PROBLEM TO WORK ON: Go through the listing below and repeat it exactly, omitting each picture.

DATA SECTION:
○ ○ ○ ○

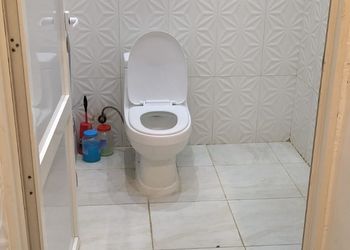 شاليه بمسطح اخضر ومسبح 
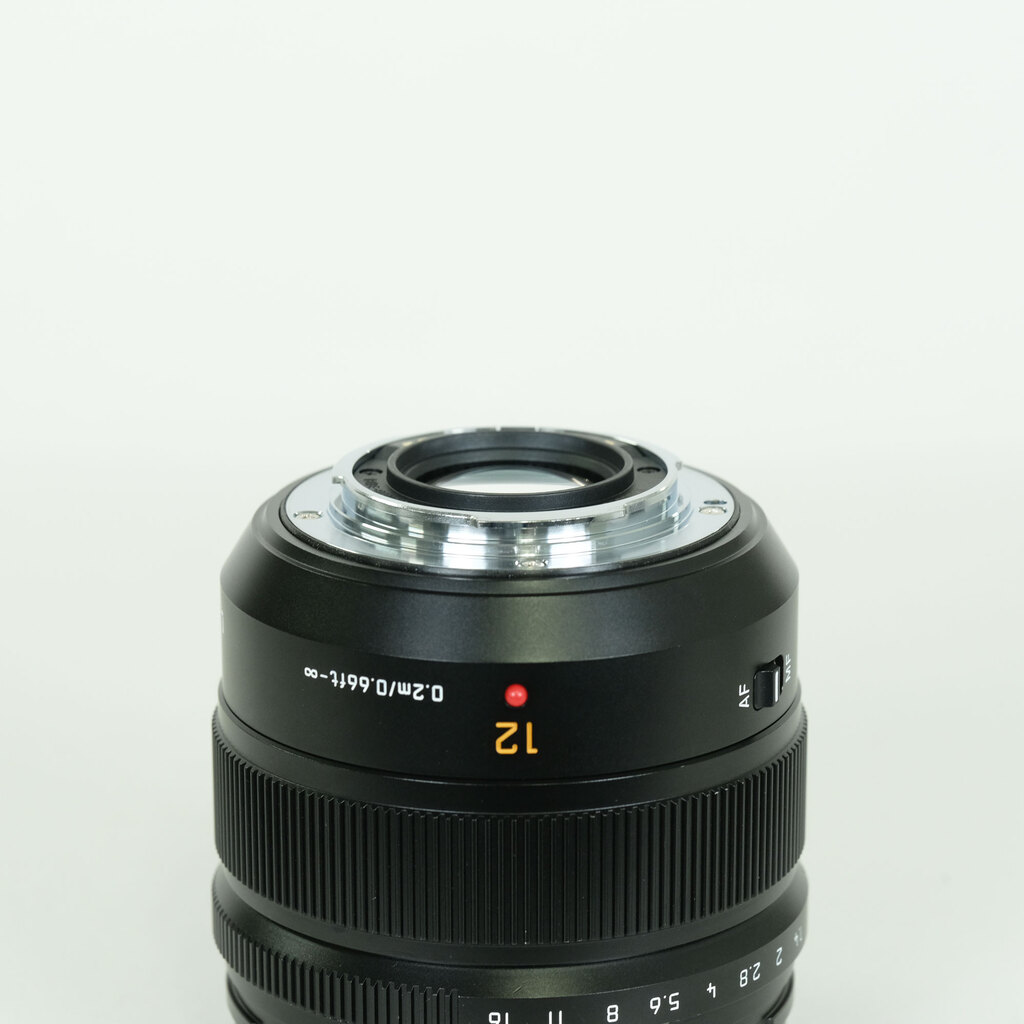 Panasonic LEICA DG SUMMILUX 12mm / F1.4 ASPH. Panasonic LEICA DG SUMMILUX 12mm / F1.4 ASPH.
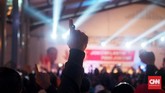 Kepada ribuan relawan yang menggunakan topeng wajah Jokowi, Presiden petahana RI Jokowi lantas melantik dan memberi mandat untuk mendukung dirinya dan Ma'ruf untuk memenangi Pilpres 2019 yang hari pencoblosannya digelar pada 17 April 2019. (CNN Indonesia/ Harvey Darian)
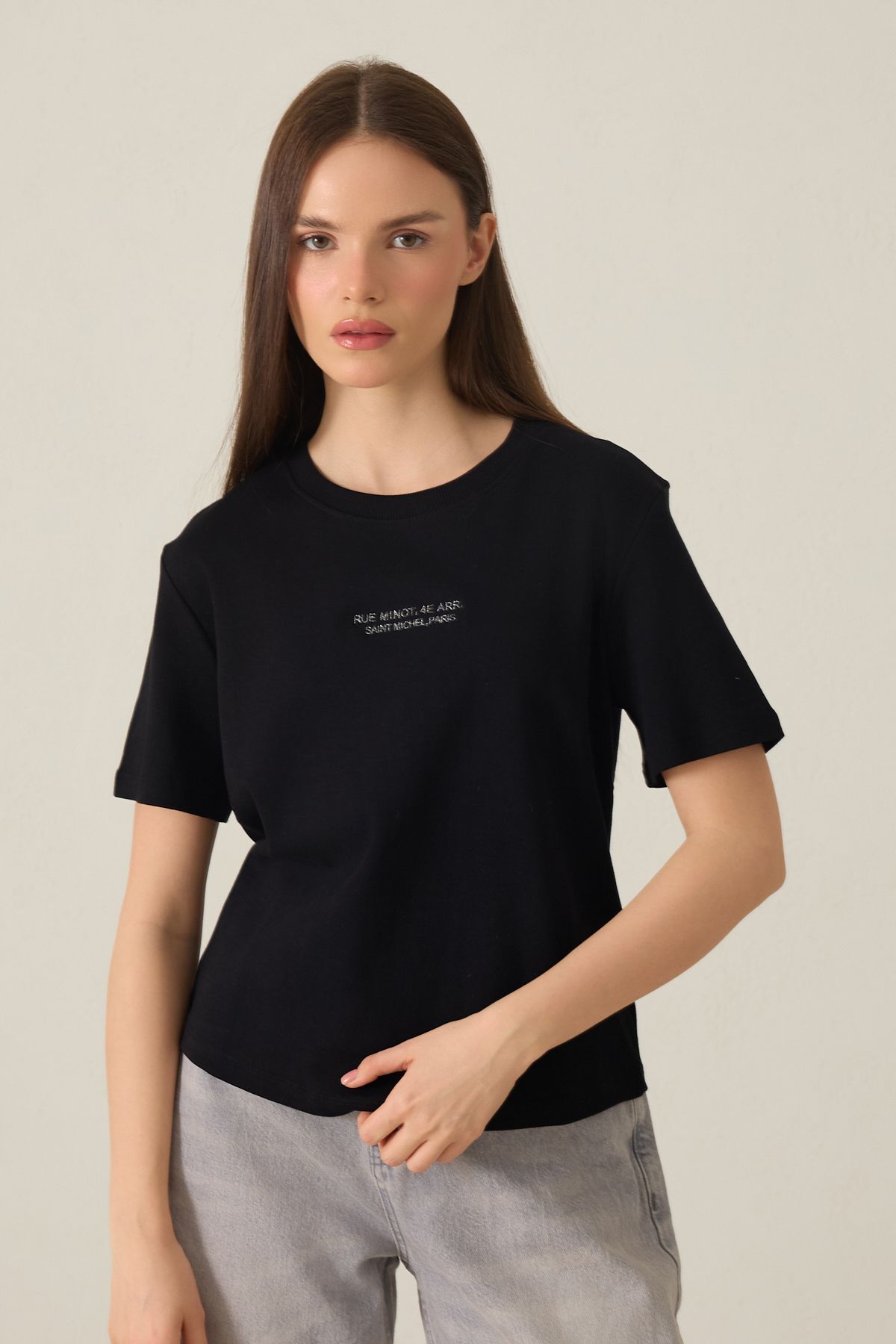 Amia&Co. Siyah Bisiklet Yaka Bakılı Kısa Kollu T-Shirt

○ ○ ○ ○

RESULT:
 شاليه بمسطح اخضر ومسبح 
 Panasonic LEICA DG SUMMILUX 12mm / F1.4 ASPH. Panasonic LEICA DG SUMMILUX 12mm / F1.4 ASPH.
 Kepada ribuan relawan yang menggunakan topeng wajah Jokowi, Presiden petahana RI Jokowi lantas melantik dan memberi mandat untuk mendukung dirinya dan Ma'ruf untuk memenangi Pilpres 2019 yang hari pencoblosannya digelar pada 17 April 2019. (CNN Indonesia/ Harvey Darian)
 Amia&Co. Siyah Bisiklet Yaka Bakılı Kısa Kollu T-Shirt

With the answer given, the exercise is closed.